In Search of Voodoo: Roots to Heaven is a 2019 documentary made by Benin-born model turned actor, writer and filmmaker, Djimon Hounsou.
Mr, Hounsou, whose family name means “born in the voodoo shrine,” explores the origin, role and meaning of Voodoo in Benin. Like Hounsou, Voodoo’s roots are in Benin.
Hounsou is also our host in the film, but he wisely is off-screen for the most part, and beautifully narrates his story. Hounsou lets the people, places and Voodoo ceremonies tell the true, and truly, African story of Voodoo and its inseparable place in the fabric of Africa, and especially of Benin.
The people of Benin who are for and against Voodoo’s influence, speak frankly and directly to the viewer. Many of the interviewees repeat that Voodoo is not the method or way of evil as Christianity and Hollywood have told us. Voodoo, they say, is the way the Benin culture operates in accordance with Nature.

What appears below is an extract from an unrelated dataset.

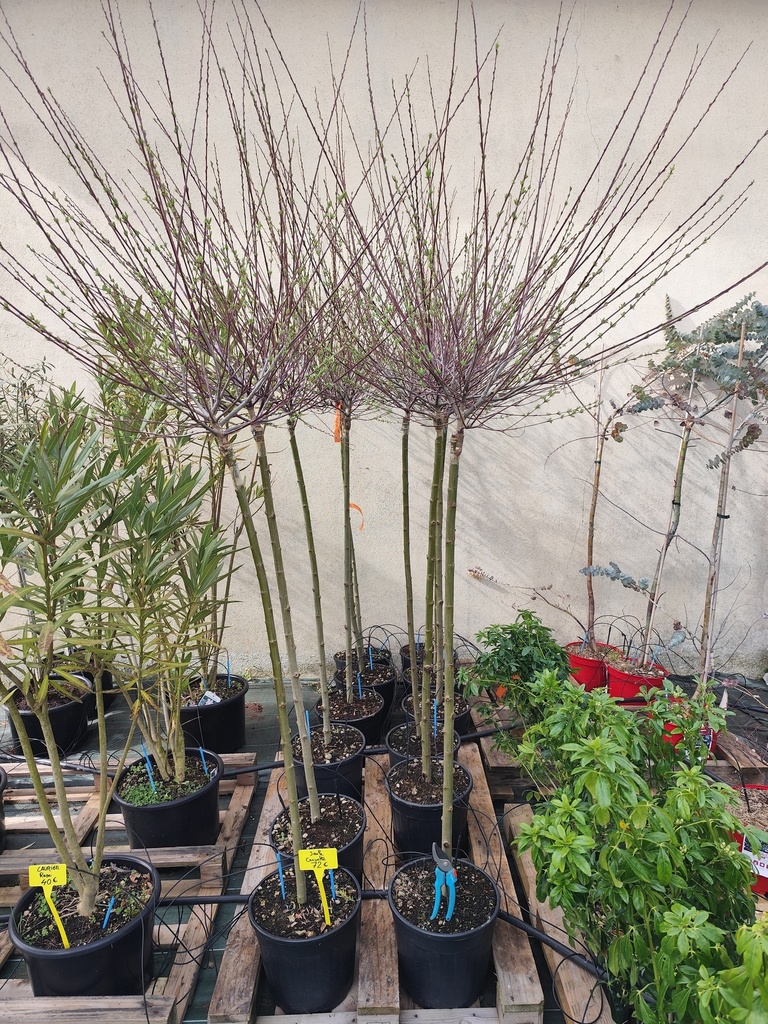 Saule crevette sur tige - Salix integra Hakuro Nishiki 15L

Every continent has been inhabited by civilizations that lived in harmony with Nature. Indigenous people have remembered and followed the earth-based cultures of their ancestors for millennia. So close is the bond between an indigenous people and their earth-based system, that to think, in this instance, that Voodoo is merely a religion, misses out on the cohesiveness and unity of purpose found in indigenous cultures.
I came away from the film knowing that I can’t avoid being an optimist. As a descendant of African people who were traded as slaves for hundreds of years, optimism is my heritage. My ancestors, who went from free-bodied to slave-bodied overnight had to be optimists. Similarly, my ancestors remaining in Africa and living under the tyranny of colonialism were optimists. One could say that as a result of this everlasting and inseparable Pan-African optimism, Voodoo was officially recognized as a religion by the Benin government in 1996 “to correct an injustice.”
This decree removed 500 years of colonial stigma from the heart of Benin culture. Only the optimism of a people can achieve such a victory.